#### Materials provided ####

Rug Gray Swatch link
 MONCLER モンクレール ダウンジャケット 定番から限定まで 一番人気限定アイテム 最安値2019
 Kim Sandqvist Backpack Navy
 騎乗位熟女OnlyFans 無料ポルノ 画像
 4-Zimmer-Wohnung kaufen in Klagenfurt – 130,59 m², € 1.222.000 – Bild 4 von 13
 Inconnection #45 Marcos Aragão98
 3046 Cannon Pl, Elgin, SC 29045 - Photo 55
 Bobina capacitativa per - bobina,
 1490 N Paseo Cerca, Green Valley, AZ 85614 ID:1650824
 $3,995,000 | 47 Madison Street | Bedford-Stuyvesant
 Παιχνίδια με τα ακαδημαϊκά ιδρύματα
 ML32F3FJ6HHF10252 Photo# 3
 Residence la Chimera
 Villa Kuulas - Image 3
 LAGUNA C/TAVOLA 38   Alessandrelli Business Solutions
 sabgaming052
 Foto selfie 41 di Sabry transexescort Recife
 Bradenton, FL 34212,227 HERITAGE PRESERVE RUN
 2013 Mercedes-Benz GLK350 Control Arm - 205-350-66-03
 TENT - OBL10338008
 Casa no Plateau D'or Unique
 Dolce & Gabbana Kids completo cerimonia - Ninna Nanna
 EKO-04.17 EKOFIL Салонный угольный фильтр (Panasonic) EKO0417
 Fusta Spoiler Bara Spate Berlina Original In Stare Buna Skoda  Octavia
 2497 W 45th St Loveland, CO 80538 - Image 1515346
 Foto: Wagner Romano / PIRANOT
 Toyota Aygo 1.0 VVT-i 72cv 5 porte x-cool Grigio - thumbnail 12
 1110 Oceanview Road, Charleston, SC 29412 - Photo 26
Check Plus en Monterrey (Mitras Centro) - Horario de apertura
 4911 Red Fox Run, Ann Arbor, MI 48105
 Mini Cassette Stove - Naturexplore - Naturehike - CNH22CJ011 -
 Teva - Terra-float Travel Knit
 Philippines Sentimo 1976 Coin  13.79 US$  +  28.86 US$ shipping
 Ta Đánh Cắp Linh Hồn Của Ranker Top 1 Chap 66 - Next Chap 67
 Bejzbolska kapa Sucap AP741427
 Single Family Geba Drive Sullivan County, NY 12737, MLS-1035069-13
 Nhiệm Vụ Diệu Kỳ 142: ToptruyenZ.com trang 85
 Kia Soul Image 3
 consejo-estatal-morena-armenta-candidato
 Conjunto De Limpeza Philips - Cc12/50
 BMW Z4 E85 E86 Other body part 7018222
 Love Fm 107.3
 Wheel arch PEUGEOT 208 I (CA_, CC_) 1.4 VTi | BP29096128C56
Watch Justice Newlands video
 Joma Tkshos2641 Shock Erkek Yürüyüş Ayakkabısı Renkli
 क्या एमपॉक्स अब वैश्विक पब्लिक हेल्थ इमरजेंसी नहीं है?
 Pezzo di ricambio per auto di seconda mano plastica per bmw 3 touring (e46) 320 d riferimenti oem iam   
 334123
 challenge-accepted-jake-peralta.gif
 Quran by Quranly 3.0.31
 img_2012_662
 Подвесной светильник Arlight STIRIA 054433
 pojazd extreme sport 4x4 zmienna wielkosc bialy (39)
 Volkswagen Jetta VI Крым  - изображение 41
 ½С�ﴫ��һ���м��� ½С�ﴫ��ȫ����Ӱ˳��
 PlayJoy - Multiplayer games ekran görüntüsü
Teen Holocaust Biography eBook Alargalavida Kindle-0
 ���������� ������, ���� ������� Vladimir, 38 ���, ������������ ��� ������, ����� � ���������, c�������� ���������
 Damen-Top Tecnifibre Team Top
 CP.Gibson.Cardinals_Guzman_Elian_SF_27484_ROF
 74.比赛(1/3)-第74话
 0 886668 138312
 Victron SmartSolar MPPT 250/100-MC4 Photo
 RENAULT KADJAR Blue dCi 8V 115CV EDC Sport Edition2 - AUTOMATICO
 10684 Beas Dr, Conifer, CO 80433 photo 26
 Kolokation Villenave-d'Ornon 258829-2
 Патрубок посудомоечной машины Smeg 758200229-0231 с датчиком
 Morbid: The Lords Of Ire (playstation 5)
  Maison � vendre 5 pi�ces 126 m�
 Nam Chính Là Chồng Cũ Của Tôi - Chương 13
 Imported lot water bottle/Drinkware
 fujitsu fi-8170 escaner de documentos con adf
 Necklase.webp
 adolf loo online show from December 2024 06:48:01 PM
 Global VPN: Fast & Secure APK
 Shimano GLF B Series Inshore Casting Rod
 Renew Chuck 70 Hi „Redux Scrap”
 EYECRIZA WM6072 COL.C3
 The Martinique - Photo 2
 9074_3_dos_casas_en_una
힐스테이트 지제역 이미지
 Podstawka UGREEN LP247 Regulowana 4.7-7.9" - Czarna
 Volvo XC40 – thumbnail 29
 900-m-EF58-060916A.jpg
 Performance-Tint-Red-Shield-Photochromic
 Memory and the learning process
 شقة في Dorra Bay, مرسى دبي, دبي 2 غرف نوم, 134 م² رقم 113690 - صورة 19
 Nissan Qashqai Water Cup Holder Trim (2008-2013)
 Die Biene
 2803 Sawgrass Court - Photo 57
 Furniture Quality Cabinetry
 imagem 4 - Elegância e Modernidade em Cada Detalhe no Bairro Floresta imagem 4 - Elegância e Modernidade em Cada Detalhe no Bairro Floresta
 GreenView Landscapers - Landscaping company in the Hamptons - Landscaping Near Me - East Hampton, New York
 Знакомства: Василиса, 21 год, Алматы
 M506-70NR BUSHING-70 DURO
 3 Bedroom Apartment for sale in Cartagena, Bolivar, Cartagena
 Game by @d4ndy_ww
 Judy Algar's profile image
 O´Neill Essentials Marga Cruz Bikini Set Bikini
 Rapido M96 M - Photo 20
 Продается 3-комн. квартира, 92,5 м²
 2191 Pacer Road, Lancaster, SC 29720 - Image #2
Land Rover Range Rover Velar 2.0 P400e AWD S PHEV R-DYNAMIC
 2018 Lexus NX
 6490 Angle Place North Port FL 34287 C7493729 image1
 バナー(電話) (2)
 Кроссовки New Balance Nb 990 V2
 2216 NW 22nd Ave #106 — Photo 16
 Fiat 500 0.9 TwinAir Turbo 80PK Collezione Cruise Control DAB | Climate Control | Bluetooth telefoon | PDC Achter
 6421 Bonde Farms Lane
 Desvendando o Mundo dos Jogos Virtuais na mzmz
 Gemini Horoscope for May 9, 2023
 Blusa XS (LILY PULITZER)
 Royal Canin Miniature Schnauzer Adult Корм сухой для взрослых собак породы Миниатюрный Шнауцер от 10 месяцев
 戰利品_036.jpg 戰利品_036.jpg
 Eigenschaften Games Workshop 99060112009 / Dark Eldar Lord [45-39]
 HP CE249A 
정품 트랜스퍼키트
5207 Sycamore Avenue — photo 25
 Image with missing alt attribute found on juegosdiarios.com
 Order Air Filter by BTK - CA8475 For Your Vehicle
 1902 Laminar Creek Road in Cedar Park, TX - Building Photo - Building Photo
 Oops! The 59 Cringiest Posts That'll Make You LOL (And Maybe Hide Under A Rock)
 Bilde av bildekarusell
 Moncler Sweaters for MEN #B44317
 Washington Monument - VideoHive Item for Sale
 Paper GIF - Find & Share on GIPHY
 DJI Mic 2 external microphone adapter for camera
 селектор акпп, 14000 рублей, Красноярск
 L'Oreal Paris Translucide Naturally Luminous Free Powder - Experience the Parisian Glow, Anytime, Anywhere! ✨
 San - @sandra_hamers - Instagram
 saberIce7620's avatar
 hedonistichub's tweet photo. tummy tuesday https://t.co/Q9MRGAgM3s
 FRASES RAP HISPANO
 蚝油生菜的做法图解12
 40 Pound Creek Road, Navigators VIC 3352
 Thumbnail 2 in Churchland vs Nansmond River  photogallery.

####

Task details: Print, exactly as they appear above, the lines running from the one with "L'Oreal Paris Translucide" through the final line.

Output below:
 L'Oreal Paris Translucide Naturally Luminous Free Powder - Experience the Parisian Glow, Anytime, Anywhere! ✨
 San - @sandra_hamers - Instagram
 saberIce7620's avatar
 hedonistichub's tweet photo. tummy tuesday https://t.co/Q9MRGAgM3s
 FRASES RAP HISPANO
 蚝油生菜的做法图解12
 40 Pound Creek Road, Navigators VIC 3352
 Thumbnail 2 in Churchland vs Nansmond River  photogallery.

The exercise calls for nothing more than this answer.